* The problem
Using the data below, set down every line from the one containing "Songs of My" through the one containing "Chemistry: A Novel", inclusive and unchanged. Pictures are to be skipped.
** Opening Entries provided block **
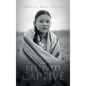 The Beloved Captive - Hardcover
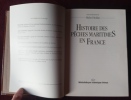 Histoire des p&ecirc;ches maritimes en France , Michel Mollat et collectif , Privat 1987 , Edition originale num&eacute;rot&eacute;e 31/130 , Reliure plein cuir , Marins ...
** Closing Entries provided block **
** Opening Entries provided block **
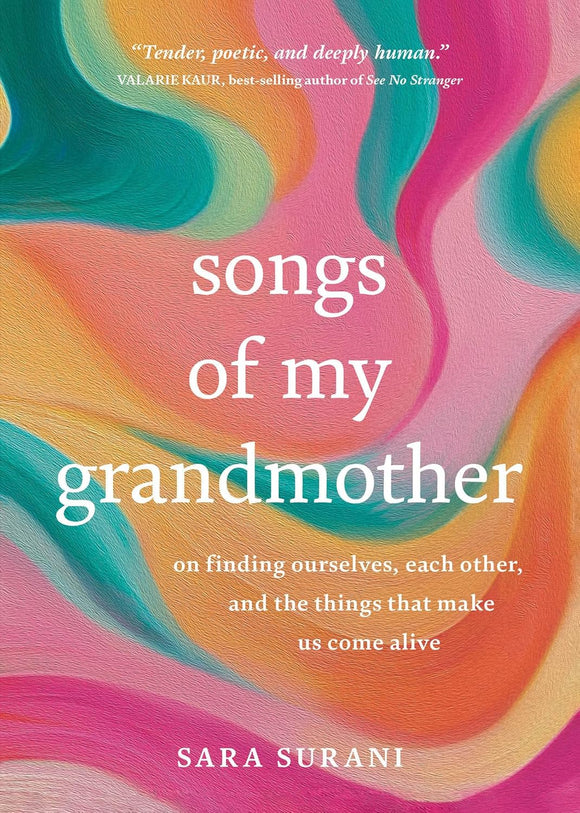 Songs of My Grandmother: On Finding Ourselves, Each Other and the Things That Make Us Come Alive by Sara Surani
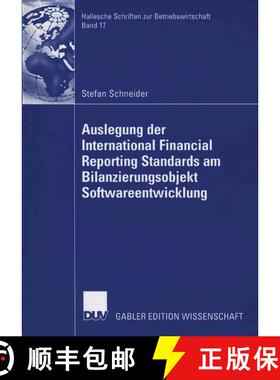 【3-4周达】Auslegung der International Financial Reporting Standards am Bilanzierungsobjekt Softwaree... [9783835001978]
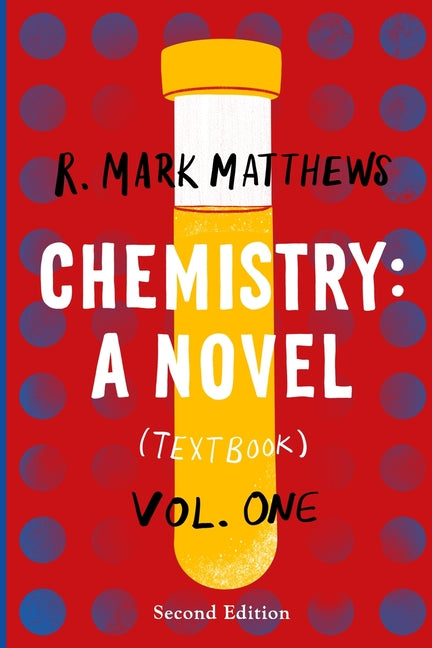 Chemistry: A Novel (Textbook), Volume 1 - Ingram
** Closing Entries provided block **
* Answer to the exercise
 Songs of My Grandmother: On Finding Ourselves, Each Other and the Things That Make Us Come Alive by Sara Surani
 【3-4周达】Auslegung der International Financial Reporting Standards am Bilanzierungsobjekt Softwaree... [9783835001978]
 Chemistry: A Novel (Textbook), Volume 1 - Ingram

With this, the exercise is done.